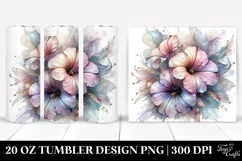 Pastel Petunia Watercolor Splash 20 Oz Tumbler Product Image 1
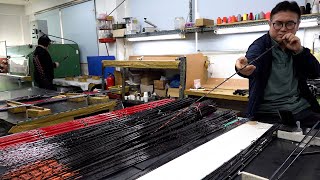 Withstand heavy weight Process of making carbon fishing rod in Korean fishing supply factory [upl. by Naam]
--
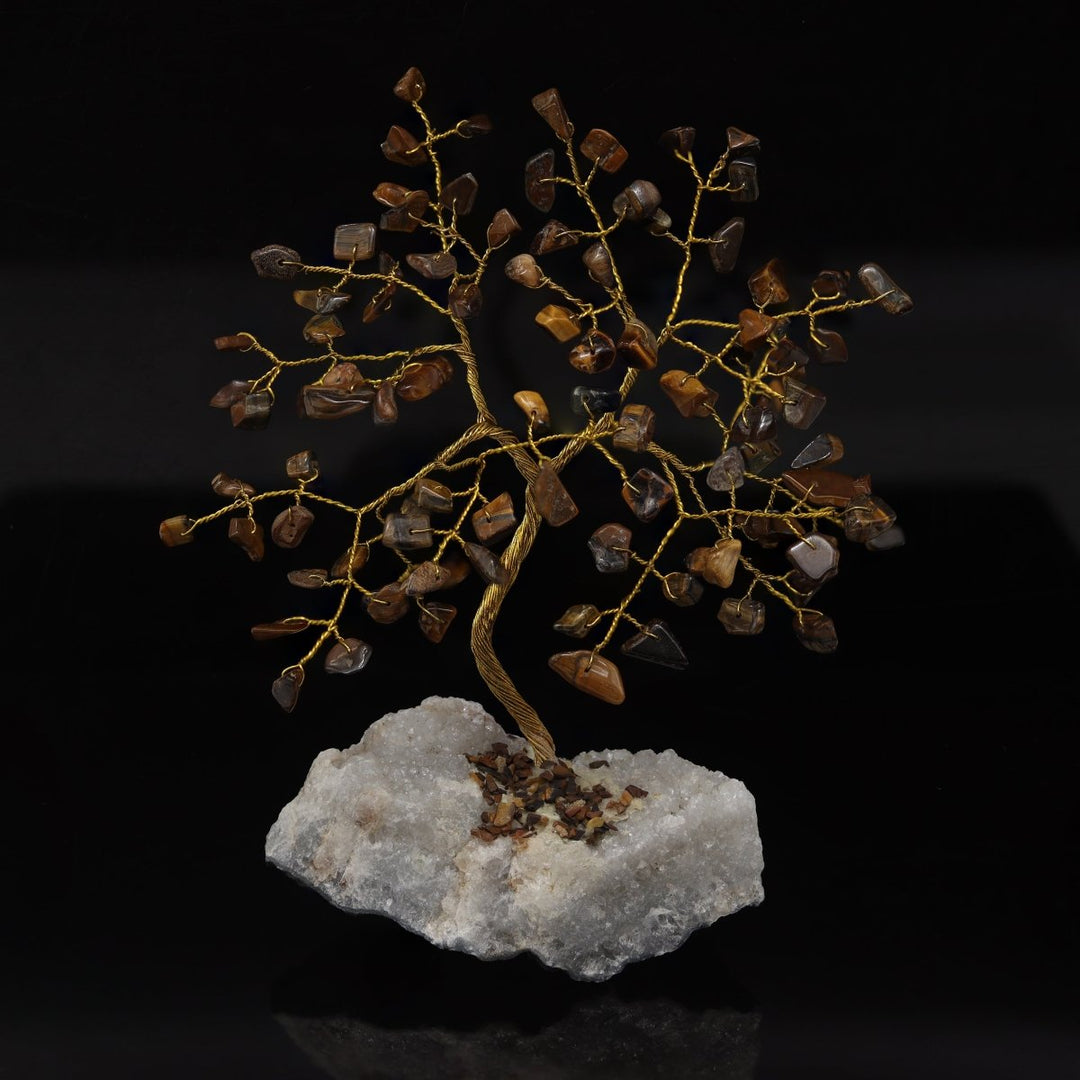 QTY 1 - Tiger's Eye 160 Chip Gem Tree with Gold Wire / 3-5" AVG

* _Work item_
In the listing above, find the line with "Pastel Petunia Watercolor" and the line with "Withstand heavy weight". Set down exactly those lines and everything between them, skipping pictures.

* _Exercise response_
 Pastel Petunia Watercolor Splash 20 Oz Tumbler Product Image 1
 Withstand heavy weight Process of making carbon fishing rod in Korean fishing supply factory [upl. by Naam]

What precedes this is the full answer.